The hotel itself is part of the story. Run by Palestinian Christians who have good contacts in every faction, it has been spared attack throughout the years of conflict, and usually manages to restore electricity, water and Telex service before any other institution, including what's left of the government.
In the darkest summer of the civil war, 1976, when all Beirut was crippled, the Commodore and the press served each other well: The hotel kept its services going, and we paid our bills directly into the owner's London bank account.
While the Israelis were marching north from the border, the basic drill for the press in Beirut is much the same as it used to be in Saigon: Out of the hotel early in the morning, taxi to the war, visit the bombed villages, interview the refugees, then head back to town in midafternoon for briefings by the various factions. During the civil war, when gasoline was scarce, representatives of the Palestinian news agency Wafa made life easier for the press by coming to the Commodore for the afternoon briefings.
The interviews with the peasants and refugees are usually perfunctory. Most of the correspondents don't speak Arabic, but the real reason is that in this war, unlike El Salvador or Vietnam, the locals have no political importance. These events are not of their making, and they have never had any influence on the outcome.
There are variations, depending on whether the correspondent wants bang-bang or substance. One day last week, Don Cladstrup of CBS got excellent bang-bang just by going up into the control tower of Beirut International Airport -- closed yet again -- and watching Israeli jets strafe refugee camps.
At the same time, The Washington Post's David Ottaway reported that he was being served Turkish coffee by Druze villagers as he sat on a hilltop watching Syrian artillery shelling an Israeli tank column. The New York Times said that reporters on the Beirut- Damascus highway -- hardly more than 15 minutes from the hotel -- saw a Syrian jet fighter shot down, and its pilot bail out. The war in El Salvador could never match that.
By Thursday, it wasn't even necessary to leave town to be as close to the action as any correspondent could want. The Israeli bombings that emptied Beirut's streets recalled the summer of 1976 when random artillery shelling by both sides in the civil war drove most Beirutis underground; but even then there were only a few weeks when communications failed.
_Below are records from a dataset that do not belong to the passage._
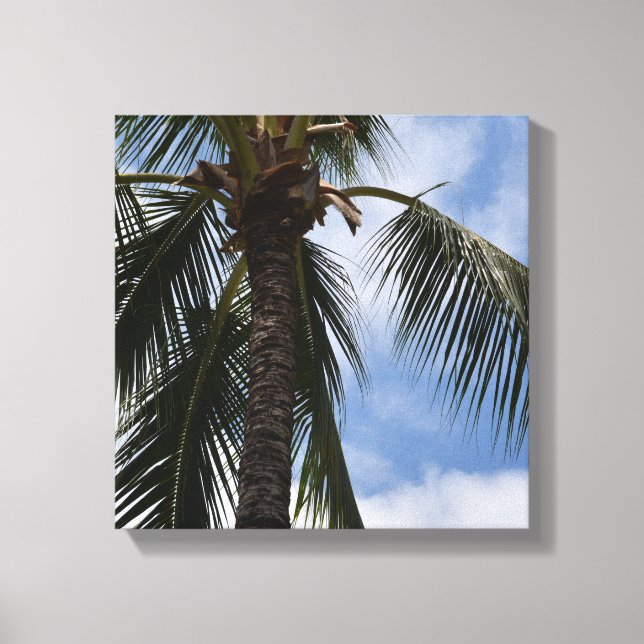 Kauai Tropical Palm Tree Canvas Print (Front)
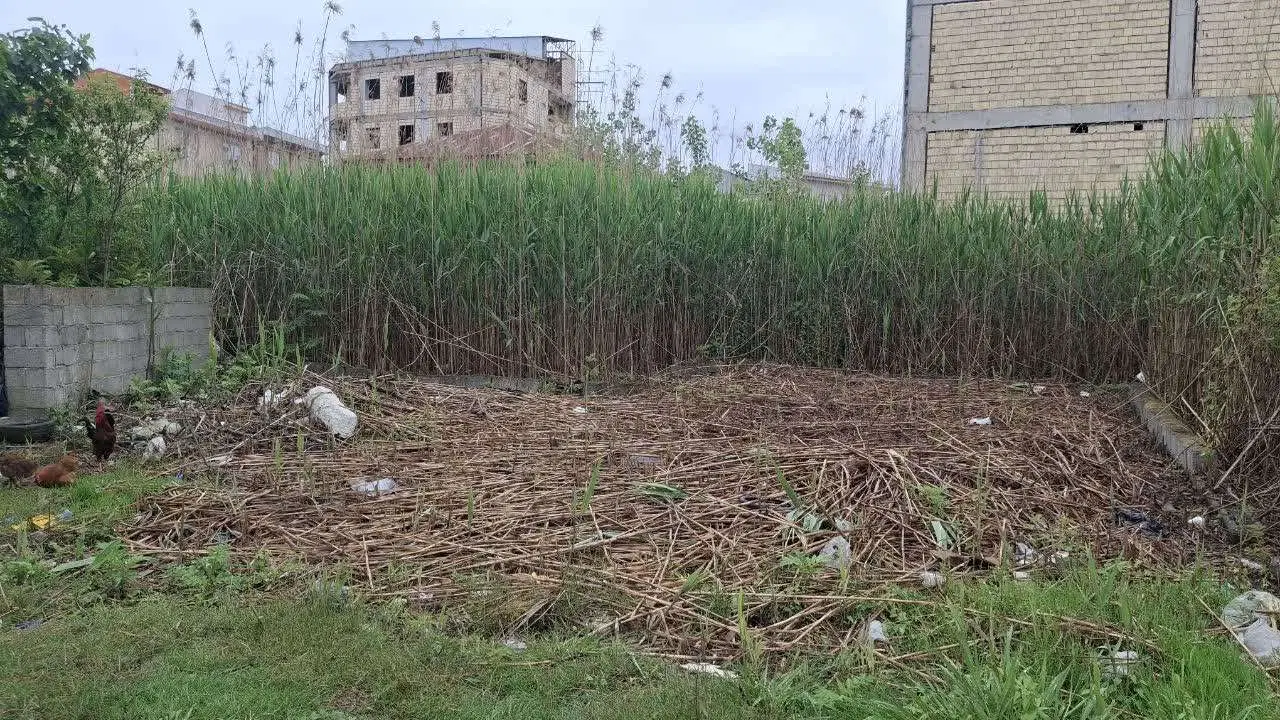 تصویر املاک 68617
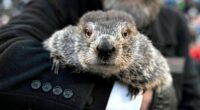 Groundhog Day: Punxsutawney Phil makes 140th weather prediction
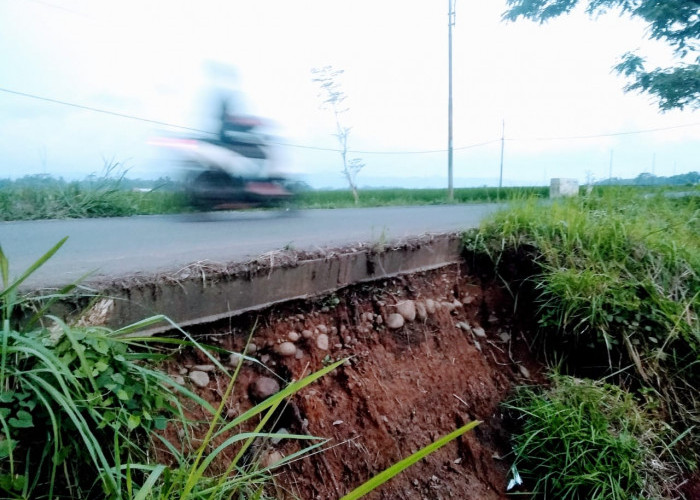 Tanah Longsor di Tanggul Sungai Angin Menggerus Material Aspal Jalan Kabupaten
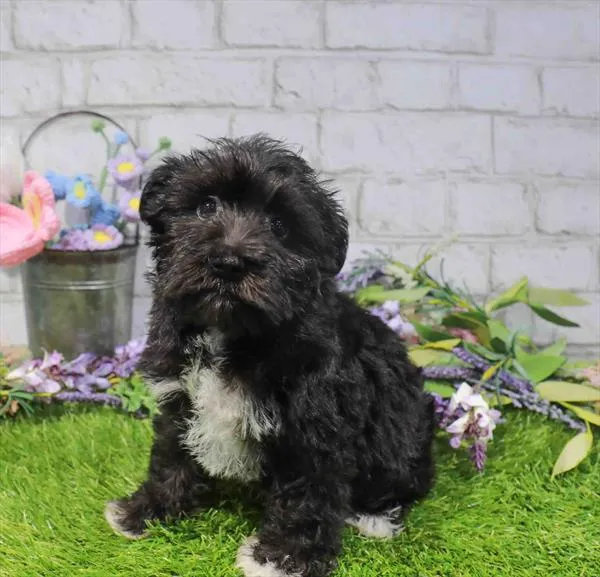 Female Mini Schnauzer puppy for sale at Waggles - Kendall.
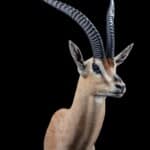 Grants Gazelle Shouldermount 20191115 0395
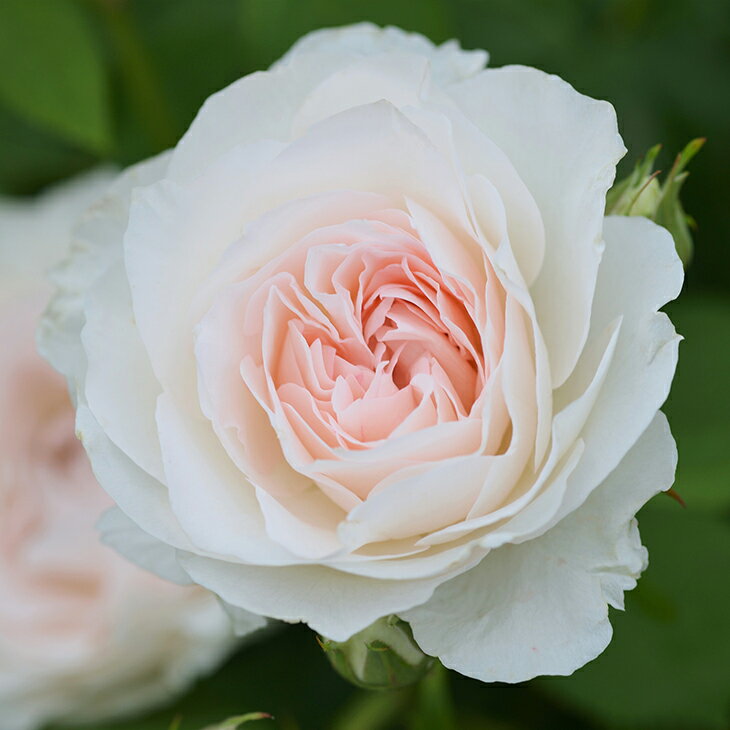 バラ 苗 ドリュ 【オーブ レジェール (HT) 大輪 四季咲き】 2年生 接ぎ木大苗 薔薇 フレンチローズのサムネイル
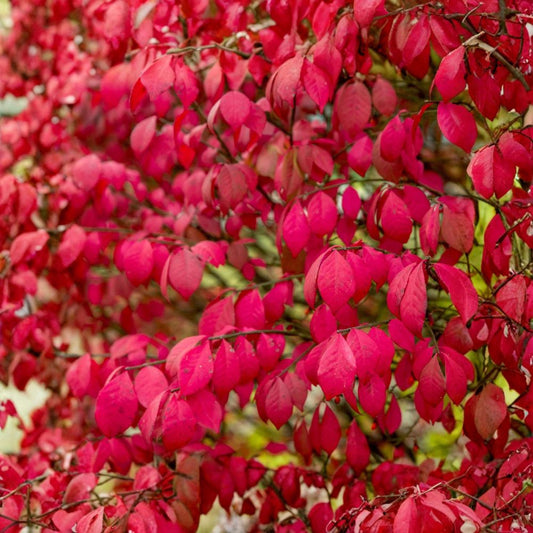Burning Bush – Euonymus alatus Live Bare Root Plants | Set of 2 | 8+ Inches Tall | Hardy Deciduous Shrub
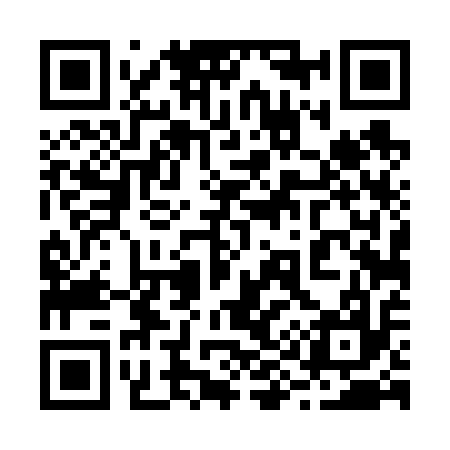 QR code for 294617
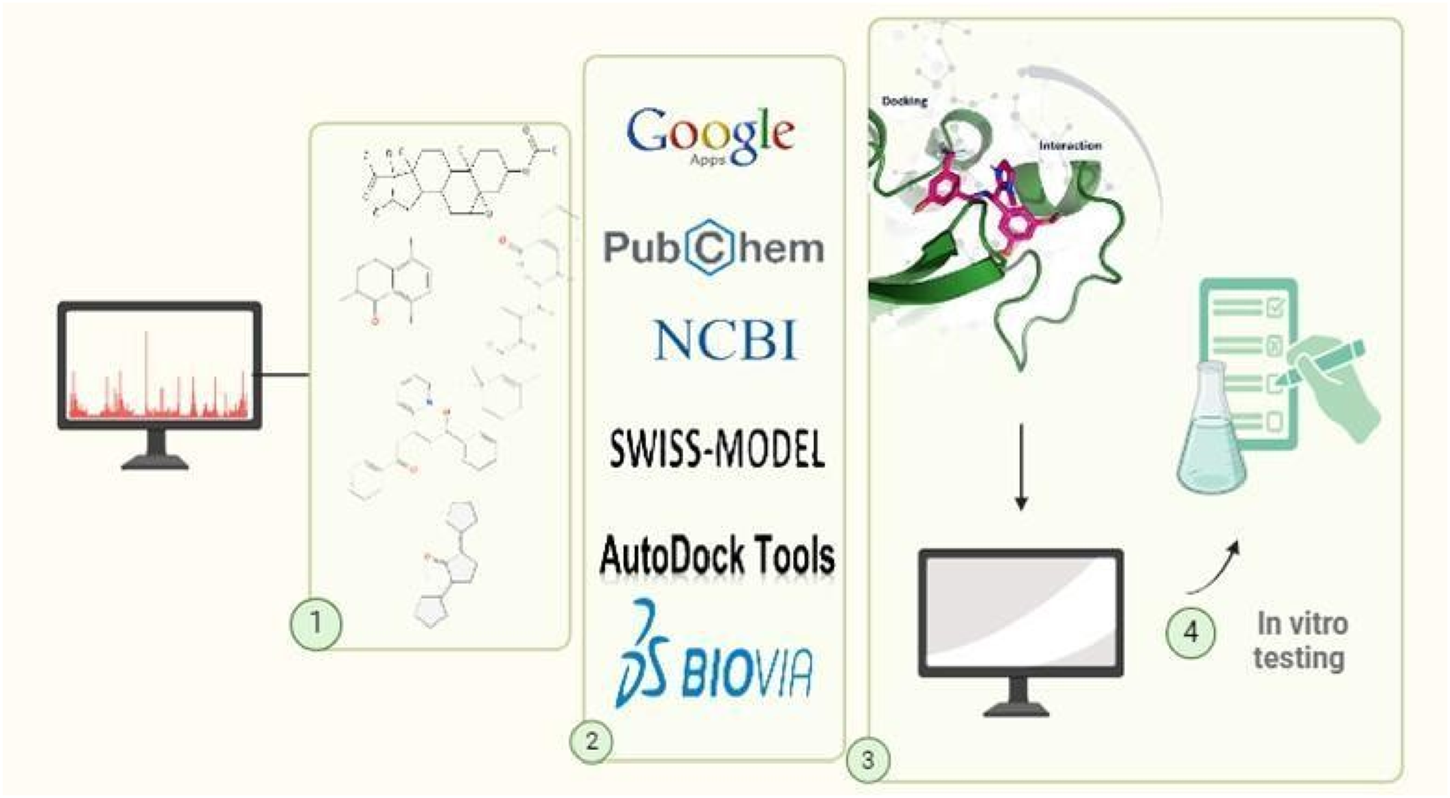 Flowchart illustrating a drug discovery process. Step 1 shows a computer with graphs linked to chemical structures. Step 2 lists tools including Google Apps, PubChem, NCBI, SWISS-MODEL, AutoDock Tools, and BIOVIA. Step 3 depicts molecular docking. Step 4 involves in vitro testing with a flask and a checklist.
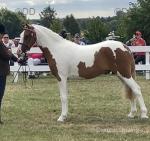 Merlin, 2 Year Old Gelding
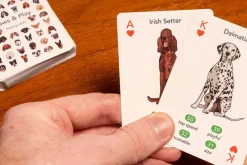 Dog Bingo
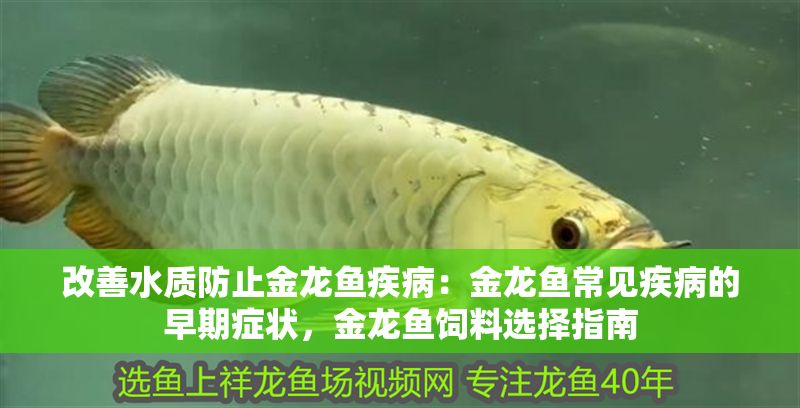 改善水質防止金龍魚疾?。航瘕堲~常見疾病的早期癥狀，金龍魚飼料選擇指南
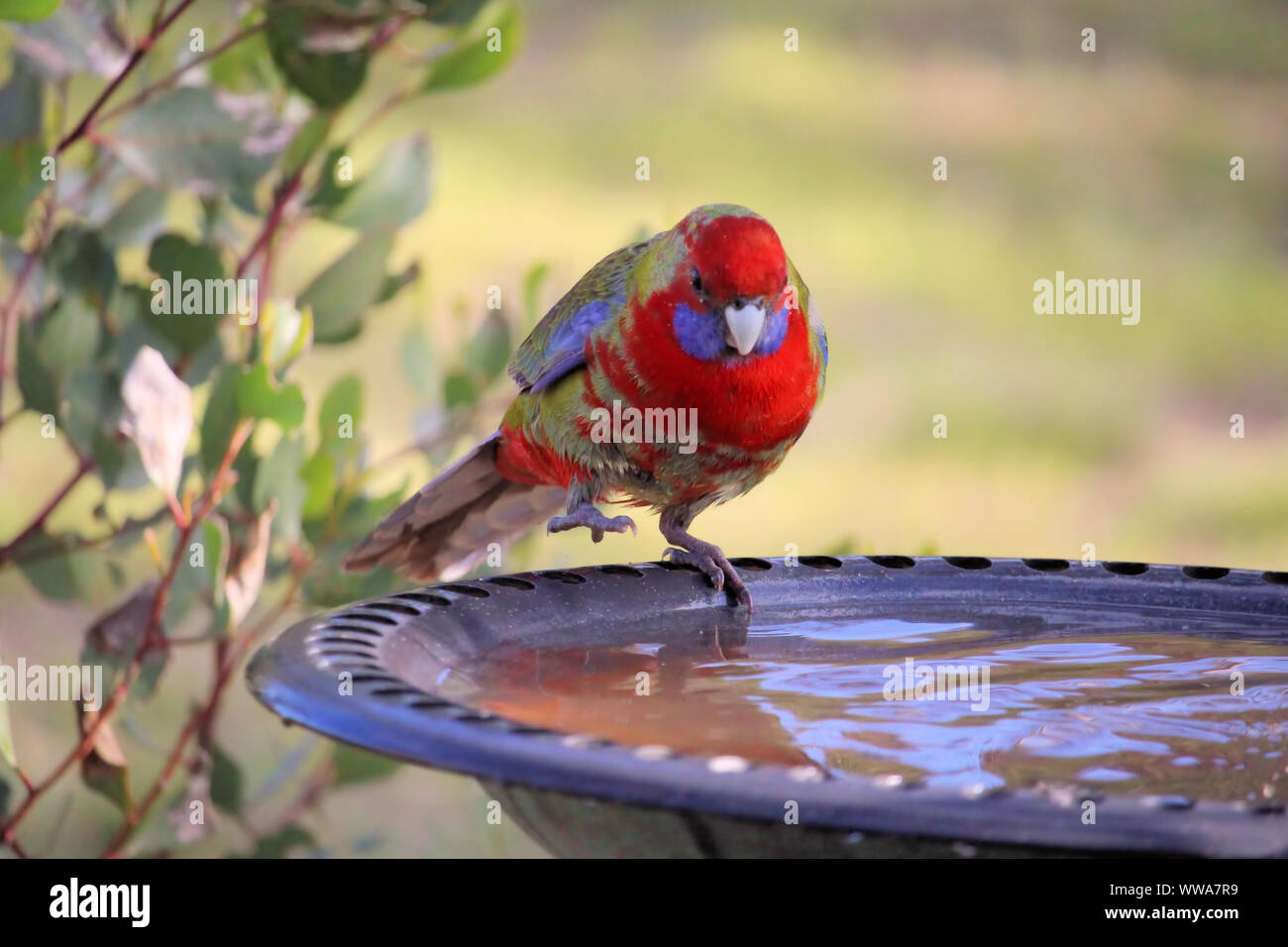 La Crimson Rosella (platycercus elegans) à propos de l'étape en Gucci, Australie du Sud Banque D'Images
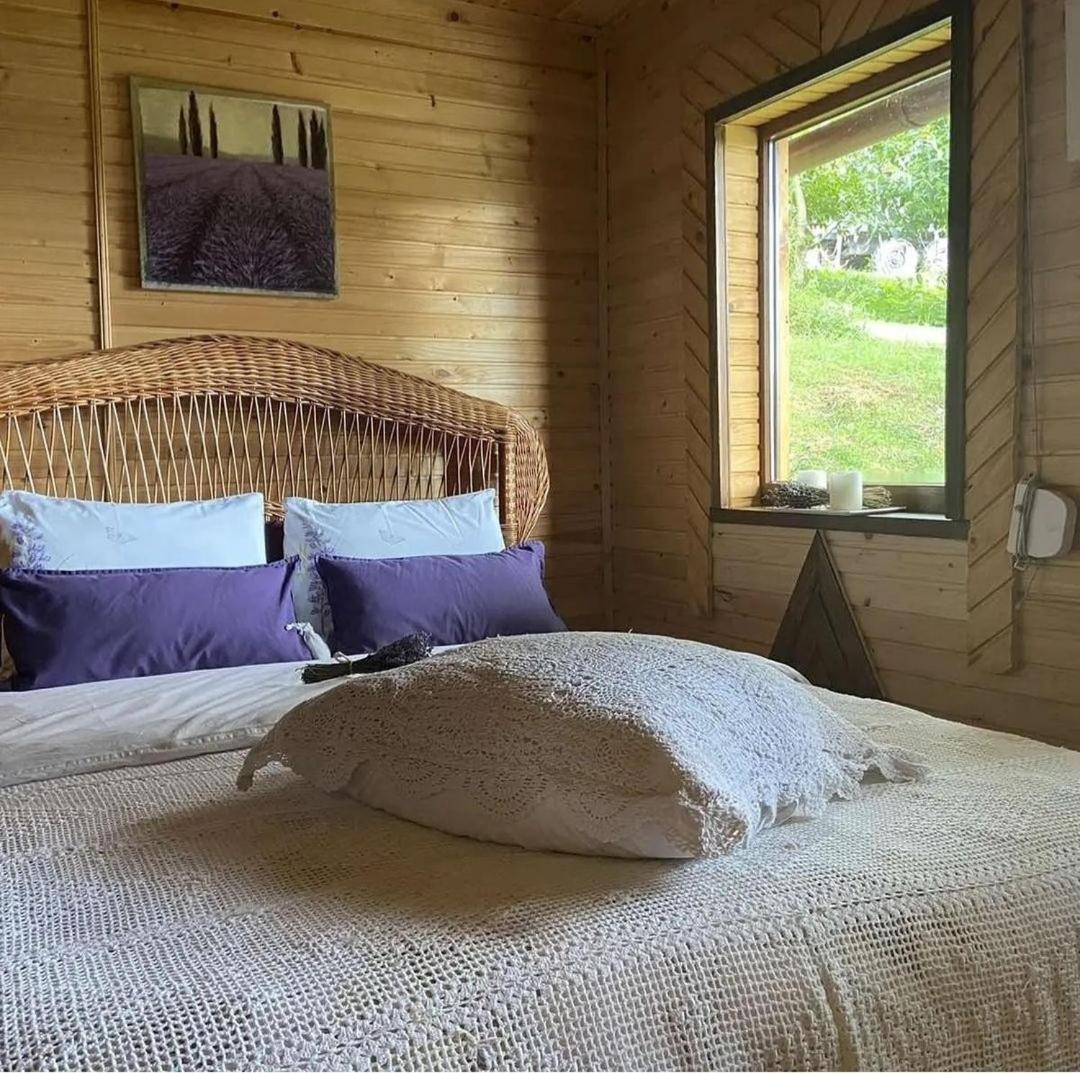 Lavender Valley - Housity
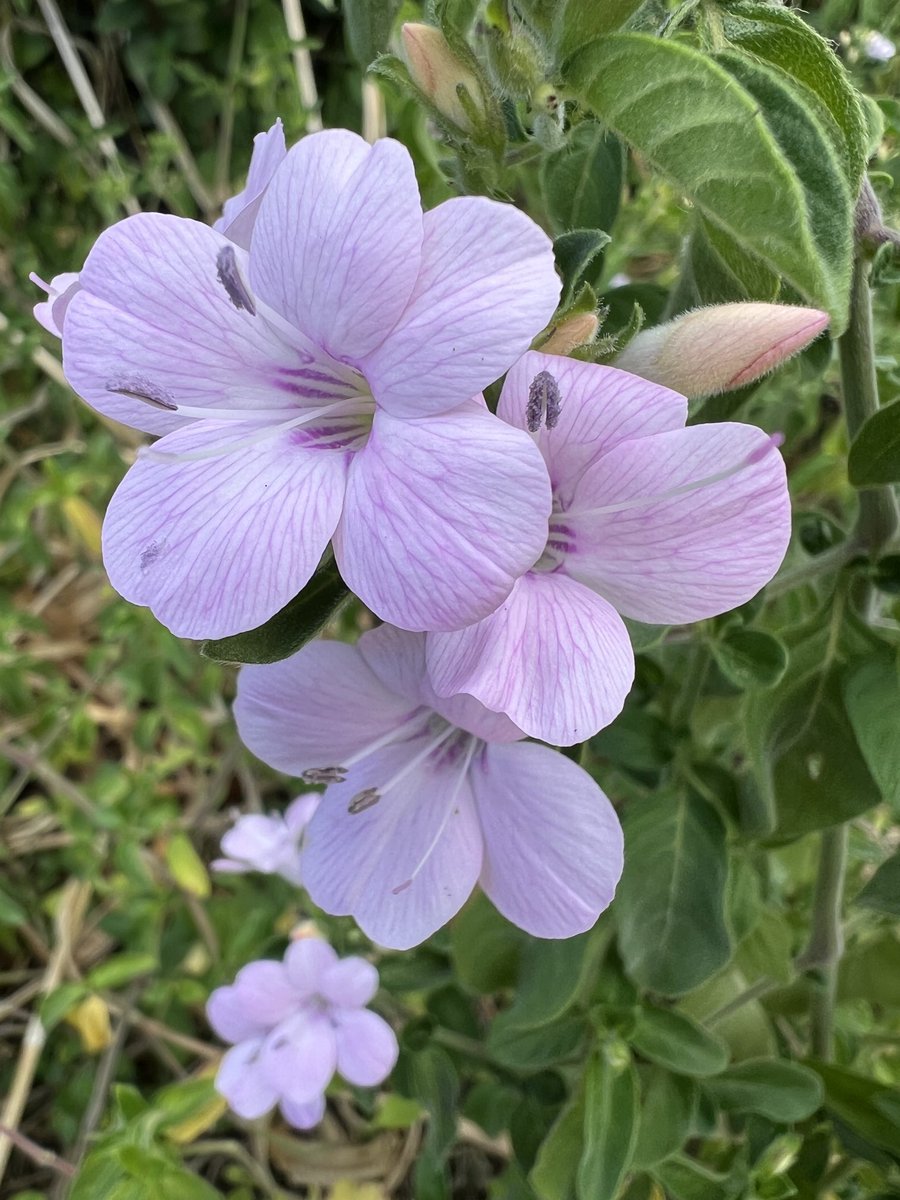 This bush violet (Barleria obtusa), a local beauty, for #FlowersOnFriday 🌸🐝🌸 Wishing everyone a lovely weekend. #flowers #wildflowers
Another nice thing about covering the war in Lebanon is that there's little fear of missing news of political developments while out watching the action. Israeli radio broadcasts the news in English several times a day. Damascus radio and the clandestine transmitters of all the Lebanese factions are on the air regularly. And back in Beirut, a crew of Lebanese journalists who have made the conflict a growth industry stands ready to brief the foreign correspondents as they return from the field.
When it's early evening in Beirut, it's only noon in New York and Washington, so there's plenty of time to catch up on the day's developments and swap tales with colleagues before it's necessary to file. And when the copy has gone out, there's still time to order the tournedos at the Relais de Normandie and plan the next day's trip into Lebanon's tormented -- but newsy -- south.
The stories the correspondents write will reflect the tragedy of Lebanon's destruction and the grim potential for a wider conflict. But the stories they tell when it's over will reflect what a good time they had. It's the same feeling of exhilaration that inspired many of these very same journalists to hold a Light at the End of the Tunnel Reunion party, celebrating the good olds days in Saigon, at the Tehran Intercontinental Hotel only days before the fall of the shah.